Des petits chars d'assaut sur roulettes ont emmené les cartons de signatures à la Chancellerie fédérale. KEYSTONE/ANTHONY ANEX sda-ats

(Keystone-ATS) Le peuple votera sans doute sur le financement des producteurs de matériel de guerre. Le Groupe pour une Suisse sans armée (GSsA) a déposé jeudi à Berne son initiative populaire pour que la place financière suisse ne soit plus complice du commerce des armes.

Le texte, muni de 104’902 signatures, a été remis à la Chancellerie fédérale à Berne. Le texte “Pour une interdiction du financement des producteurs de matériel de guerre” exige que la Banque nationale suisse (BNS), les caisses de pension et les fondations renoncent à investir dans l’industrie d’armement. Et ce qu’elle soit basée en Suisse ou à l’étranger.

La BNS à elle seule disposait à la fin de l’année dernière d’une participation de près de deux milliards de francs dans des producteurs américains d’armes nucléaires, affirme le GSsA. Les caisses de pensions sont également dans le viseur des initiants.

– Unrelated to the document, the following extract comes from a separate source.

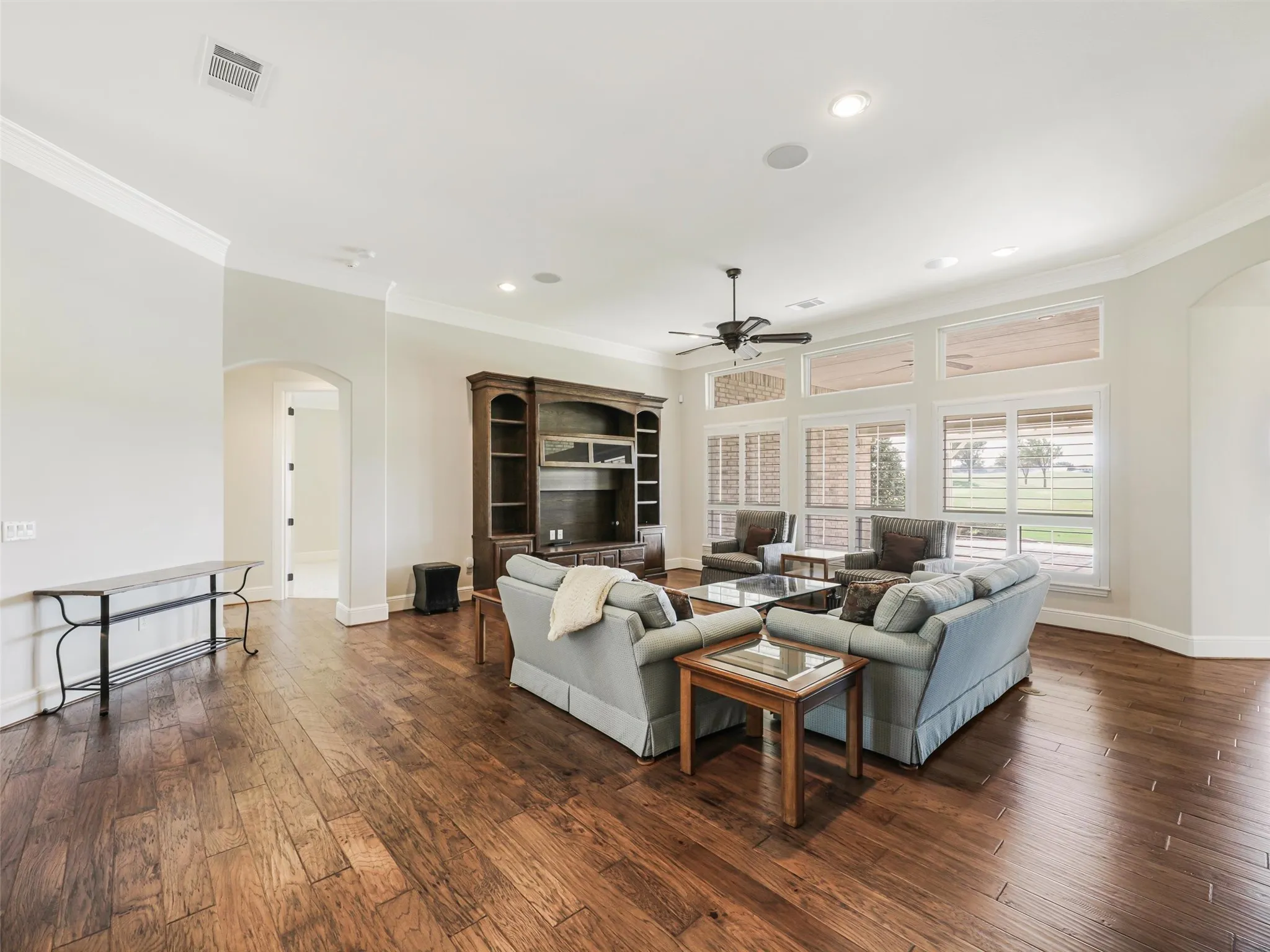 Single Family Residence For Sale in Denton County , 9813 Cypress Street, Denton, Texas 76207, 2 Bedroom, 2 Bathroom, 3 Garage spaces, 2,499 Sqft, built in 2008, mls#21370440, Real Estate Agent in Denton, Homes For Sale in Denton county, Homes For Sale in Denton, Realtor in Denton Texas, Real Estate Brokerage Independent Realty Texas, Luminita Cordes Realtor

Elles “financent aussi la production d’armes utilisées lors de conflits au cours desquels les droits des peuples sont systématiquement bafoués, tel qu’actuellement au Yémen. Cette situation doit cesser. La Suisse doit contribuer à la paix”, a déclaré Youniss Mussa, co-secrétaire romand du GSsA.

Législation lacunaire

Selon l’initiative populaire, l’octroi d’un crédit, d’un prêt, d’une donation à une entreprise dont plus de 5% du chiffre d’affaires vient de la production de matériel de guerre serait interdit. Idem de la prise de participation et de l’acquisition de titres émis par l’industrie de l’armement. Les équipements de déminage humanitaire, les armes de chasse et de sport (dont les munitions) ne sont pas considérés comme du matériel de guerre.

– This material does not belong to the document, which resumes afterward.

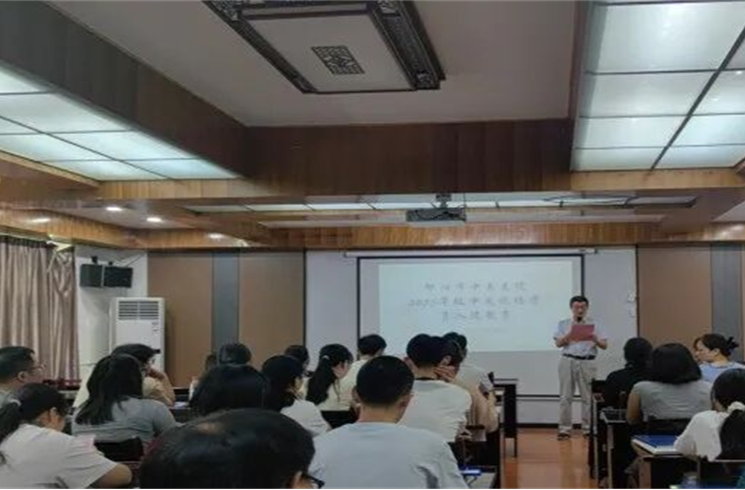助力启航！邵阳市中医医院为2025级规培生送上“职业第一课”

La loi fédérale sur le matériel de guerre interdit déjà le financement direct et indirect de matériels de guerre prohibés. Mais elle est selon les initiants facile à contourner. Le financement indirect n’est en effet pas considéré comme une infraction tant qu’il n’y a pas volonté de contourner le financement direct: une zone grise très difficile pour les autorités pénales.

D’où la nécessité de compléter la législation actuelle et de compléter la Constitution. Les banques et assurances ne sont pas concernées, mais la Confédération s’engage à mettre en place des conditions similaires pour celles-ci aussi bien en Suisse qu’à l’étranger.

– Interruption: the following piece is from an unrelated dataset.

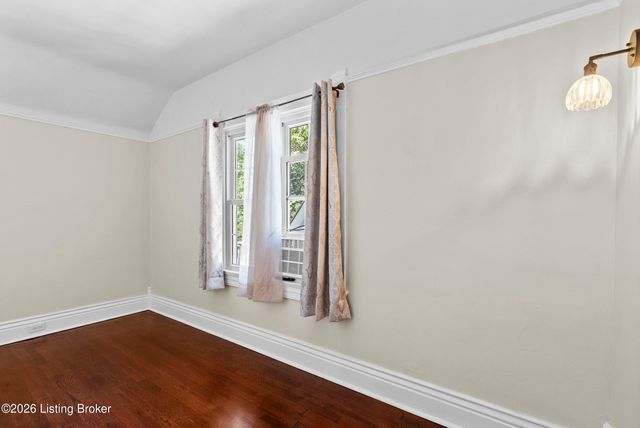 2716 Victor Pl, Louisville, KY 40206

Entrave à la liberté économique

Le comité d’initiative compte notamment les conseillers nationaux Lisa Mazzone (Verts/GE), Ada Marra (PS/VD) et Balthasar Glättli (Verts/ZH), ainsi que le sociologue genevois Jean Ziegler. Le texte est soutenu par les Jeunes Verts, le PS et 39 autres organisations.

Après la décision du Conseil fédéral la semaine dernière d’autoriser les exportations d’armes vers les pays en conflit, l’initiative tombe à point nommé, selon le comité d’initiative. “La population ne veut pas attiser les guerres; elle veut au contraire que la Suisse contribue à des solutions aux conflits”.

Le GSsA a déjà échoué devant le peuple en 2009 avec une initiative semblable, qui voulait interdire les exportations de matériel de guerre. Le texte avait été rejeté par 68,2% des votants.

Cette nouvelle initiative est d’ores et déjà rejetée par le Cercle de travail sécurité et techniques de défense (cstd) qui réunit 70 personnalités des milieux politique, économique et civil. Pour lui, le texte porte atteinte à la liberté économique et ouvre la voie à d’autres limitations dans différents secteurs.